Christmas is what you make of it.

I think I've just put a finger on why I hate Christmas. The best holiday I've ever had occurred years ago when I still wanted "stuff" under the tree, but ended up getting so much more. I was around six or seven, so I was still living in New York at the time with my mother. We were living with my grandfather in Manhattan and one night my mother took me by the hand and walked with me down to Rockefeller Center. She put me on her shoulders (she was my height then--about 5'2") and we watched the big tree get lit. The crowds were pressing in on us and we could barely see, but we were there--we even got to see the Rockettes.

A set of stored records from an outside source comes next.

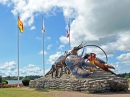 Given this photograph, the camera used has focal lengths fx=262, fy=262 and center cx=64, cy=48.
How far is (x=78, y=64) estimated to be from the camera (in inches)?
926

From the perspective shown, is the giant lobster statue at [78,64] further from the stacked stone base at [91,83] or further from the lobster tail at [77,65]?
the stacked stone base at [91,83]

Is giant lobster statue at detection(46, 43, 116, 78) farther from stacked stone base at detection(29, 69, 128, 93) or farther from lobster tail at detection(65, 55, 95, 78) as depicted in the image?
stacked stone base at detection(29, 69, 128, 93)

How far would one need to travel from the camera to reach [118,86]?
2177 cm

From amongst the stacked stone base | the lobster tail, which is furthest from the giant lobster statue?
the stacked stone base

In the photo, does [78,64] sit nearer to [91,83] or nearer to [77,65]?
[77,65]

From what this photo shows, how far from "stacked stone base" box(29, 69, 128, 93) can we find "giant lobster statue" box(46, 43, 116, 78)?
1.90 ft

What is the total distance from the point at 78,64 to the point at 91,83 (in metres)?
3.50

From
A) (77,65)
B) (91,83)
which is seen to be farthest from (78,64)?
(91,83)

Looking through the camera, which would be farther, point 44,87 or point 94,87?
point 44,87

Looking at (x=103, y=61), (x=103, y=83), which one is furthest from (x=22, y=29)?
(x=103, y=83)

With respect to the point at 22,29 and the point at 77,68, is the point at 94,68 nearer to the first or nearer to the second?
the point at 77,68

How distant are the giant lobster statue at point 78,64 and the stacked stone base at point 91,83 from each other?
22.8 inches

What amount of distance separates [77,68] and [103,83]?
3217 mm

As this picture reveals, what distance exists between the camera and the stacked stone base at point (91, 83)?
20531mm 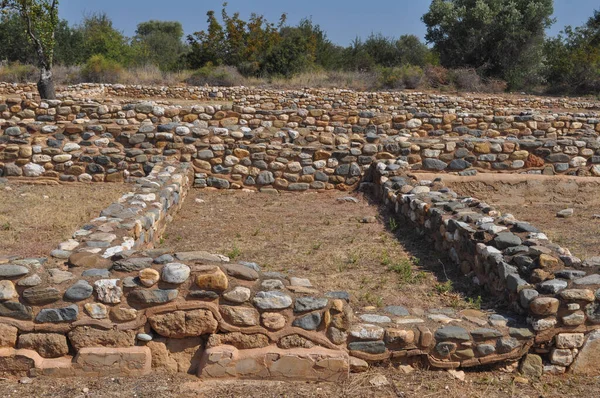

The memory of that makes me cry now because things are so different. In a couple of years, I'll be as old as she was that night and I still don't have kids--she had two by then: one six, one seven. I feel like we grew up together, and as I got older, I learned that we'll never have the sort of relationship a mother and daughter should. But the difference is that back then, she tried. The fact that she failed isn't what makes her a miserable mother. It's the fact that she gave up. No amount of Barbie dolls or Babysitter's Club books can make up for one's ineptitude in trying to understand the kid you keep calling "sensitive" and "emotional". You can't hide "don't care--rather have my new boyfriend" with gifts. That's when Christmas started to suck.

Growing up with my grandmother was fine for me. I feel like had this been another life, the tables would have been turned and she would have been my mother instead. Sadly, I'm closer to her than I am to my mom, but in a way it's because I felt like she actually wanted me, even with all my idiosyncrasies and my coke-bottle glasses. She never picked on me.

So...as I sit here now contemplating getting sloshed at 7 a.m., I ask one thing: figure out what you're celebrating now before it's too late. It's better to be happy and recieve nothing, than to have the world at your fingertips and be bitter. I figured out how I will be celebrating from now on--by closing old wounds.

Merry Christmas to all, and a Blessed Chanukah to all else.